Would you please output, word for word, the span of the listing below that opens on the line containing "Electronics background of" and closes on the line containing "52 Haute-Marne autocollant"? Include both ends and nothing more.

» **EXTRACTED ENTRIES**:
⟨
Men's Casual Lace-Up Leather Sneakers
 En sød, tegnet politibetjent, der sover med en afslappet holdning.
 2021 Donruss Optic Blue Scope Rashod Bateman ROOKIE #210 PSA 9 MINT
⟩
⟨
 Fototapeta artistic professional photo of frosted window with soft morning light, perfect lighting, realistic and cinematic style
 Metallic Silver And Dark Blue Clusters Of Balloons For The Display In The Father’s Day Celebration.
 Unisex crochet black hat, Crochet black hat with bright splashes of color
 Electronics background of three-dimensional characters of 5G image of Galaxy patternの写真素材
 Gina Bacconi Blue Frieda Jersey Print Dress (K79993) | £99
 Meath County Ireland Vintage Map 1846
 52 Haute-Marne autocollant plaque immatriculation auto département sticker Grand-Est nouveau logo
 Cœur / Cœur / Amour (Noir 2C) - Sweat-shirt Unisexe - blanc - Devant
⟩
» **SOLUTION TO THE EXERCISE**:
 Electronics background of three-dimensional characters of 5G image of Galaxy patternの写真素材
 Gina Bacconi Blue Frieda Jersey Print Dress (K79993) | £99
 Meath County Ireland Vintage Map 1846
 52 Haute-Marne autocollant plaque immatriculation auto département sticker Grand-Est nouveau logo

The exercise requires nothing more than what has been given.